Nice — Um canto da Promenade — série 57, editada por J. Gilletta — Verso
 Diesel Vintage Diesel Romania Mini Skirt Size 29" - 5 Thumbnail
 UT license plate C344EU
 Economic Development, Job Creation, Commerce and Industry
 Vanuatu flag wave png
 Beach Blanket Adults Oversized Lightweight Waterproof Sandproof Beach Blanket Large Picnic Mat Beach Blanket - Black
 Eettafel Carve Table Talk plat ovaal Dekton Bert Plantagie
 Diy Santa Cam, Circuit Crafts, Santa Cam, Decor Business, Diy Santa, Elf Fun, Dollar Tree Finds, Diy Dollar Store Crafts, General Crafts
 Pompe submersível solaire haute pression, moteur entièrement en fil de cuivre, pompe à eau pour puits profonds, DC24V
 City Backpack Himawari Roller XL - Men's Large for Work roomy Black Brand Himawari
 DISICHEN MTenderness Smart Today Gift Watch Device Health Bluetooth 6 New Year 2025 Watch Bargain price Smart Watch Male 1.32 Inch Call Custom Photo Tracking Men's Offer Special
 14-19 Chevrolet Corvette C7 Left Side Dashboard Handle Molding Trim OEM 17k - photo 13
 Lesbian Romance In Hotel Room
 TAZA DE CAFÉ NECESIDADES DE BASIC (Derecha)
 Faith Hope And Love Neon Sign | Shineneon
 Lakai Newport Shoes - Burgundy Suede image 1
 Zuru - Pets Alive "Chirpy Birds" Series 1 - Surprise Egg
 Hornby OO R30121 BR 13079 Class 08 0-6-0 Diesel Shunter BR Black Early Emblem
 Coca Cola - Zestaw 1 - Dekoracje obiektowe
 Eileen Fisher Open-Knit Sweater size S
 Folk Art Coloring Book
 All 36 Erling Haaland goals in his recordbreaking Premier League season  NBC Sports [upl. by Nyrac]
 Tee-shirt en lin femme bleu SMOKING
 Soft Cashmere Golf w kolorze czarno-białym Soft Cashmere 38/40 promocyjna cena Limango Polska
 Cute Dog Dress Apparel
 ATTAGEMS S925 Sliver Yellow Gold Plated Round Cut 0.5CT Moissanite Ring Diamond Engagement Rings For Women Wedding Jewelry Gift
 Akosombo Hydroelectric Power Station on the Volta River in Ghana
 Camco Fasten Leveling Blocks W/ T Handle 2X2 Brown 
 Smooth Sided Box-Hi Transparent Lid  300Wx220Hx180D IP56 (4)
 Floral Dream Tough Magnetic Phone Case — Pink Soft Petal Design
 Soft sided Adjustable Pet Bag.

|---|

__Exercise goal__: Restate the entries above, keeping every word intact.

__Final answer__:
Nice — Um canto da Promenade — série 57, editada por J. Gilletta — Verso
 Diesel Vintage Diesel Romania Mini Skirt Size 29" - 5 Thumbnail
 UT license plate C344EU
 Economic Development, Job Creation, Commerce and Industry
 Vanuatu flag wave png
 Beach Blanket Adults Oversized Lightweight Waterproof Sandproof Beach Blanket Large Picnic Mat Beach Blanket - Black
 Eettafel Carve Table Talk plat ovaal Dekton Bert Plantagie
 Diy Santa Cam, Circuit Crafts, Santa Cam, Decor Business, Diy Santa, Elf Fun, Dollar Tree Finds, Diy Dollar Store Crafts, General Crafts
 Pompe submersível solaire haute pression, moteur entièrement en fil de cuivre, pompe à eau pour puits profonds, DC24V
 City Backpack Himawari Roller XL - Men's Large for Work roomy Black Brand Himawari
 DISICHEN MTenderness Smart Today Gift Watch Device Health Bluetooth 6 New Year 2025 Watch Bargain price Smart Watch Male 1.32 Inch Call Custom Photo Tracking Men's Offer Special
 14-19 Chevrolet Corvette C7 Left Side Dashboard Handle Molding Trim OEM 17k - photo 13
 Lesbian Romance In Hotel Room
 TAZA DE CAFÉ NECESIDADES DE BASIC (Derecha)
 Faith Hope And Love Neon Sign | Shineneon
 Lakai Newport Shoes - Burgundy Suede image 1
 Zuru - Pets Alive "Chirpy Birds" Series 1 - Surprise Egg
 Hornby OO R30121 BR 13079 Class 08 0-6-0 Diesel Shunter BR Black Early Emblem
 Coca Cola - Zestaw 1 - Dekoracje obiektowe
 Eileen Fisher Open-Knit Sweater size S
 Folk Art Coloring Book
 All 36 Erling Haaland goals in his recordbreaking Premier League season  NBC Sports [upl. by Nyrac]
 Tee-shirt en lin femme bleu SMOKING
 Soft Cashmere Golf w kolorze czarno-białym Soft Cashmere 38/40 promocyjna cena Limango Polska
 Cute Dog Dress Apparel
 ATTAGEMS S925 Sliver Yellow Gold Plated Round Cut 0.5CT Moissanite Ring Diamond Engagement Rings For Women Wedding Jewelry Gift
 Akosombo Hydroelectric Power Station on the Volta River in Ghana
 Camco Fasten Leveling Blocks W/ T Handle 2X2 Brown 
 Smooth Sided Box-Hi Transparent Lid  300Wx220Hx180D IP56 (4)
 Floral Dream Tough Magnetic Phone Case — Pink Soft Petal Design
 Soft sided Adjustable Pet Bag.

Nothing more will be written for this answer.